_WHAT TO DO_: From the line with "Xの運用代行｜投稿作成から運用まで対応します あなたのブランドに合った発信をご提案します イメージ4" to the line with "电商的运营模式有几种？一个新手怎么做电商", retype every line exactly, including those two, and leave out the rest of the data below.
*** Opening of PROVIDED ENTRIES ***
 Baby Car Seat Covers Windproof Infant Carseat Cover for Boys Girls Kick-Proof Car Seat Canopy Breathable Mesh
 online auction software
*** Close of PROVIDED ENTRIES ***
*** Opening of PROVIDED ENTRIES ***
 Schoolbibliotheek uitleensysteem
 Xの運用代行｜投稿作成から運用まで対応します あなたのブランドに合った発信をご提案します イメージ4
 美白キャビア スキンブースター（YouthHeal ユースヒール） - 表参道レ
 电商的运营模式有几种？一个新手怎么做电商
*** Close of PROVIDED ENTRIES ***
_ANSWER BOX_:
 Xの運用代行｜投稿作成から運用まで対応します あなたのブランドに合った発信をご提案します イメージ4
 美白キャビア スキンブースター（YouthHeal ユースヒール） - 表参道レ
 电商的运营模式有几种？一个新手怎么做电商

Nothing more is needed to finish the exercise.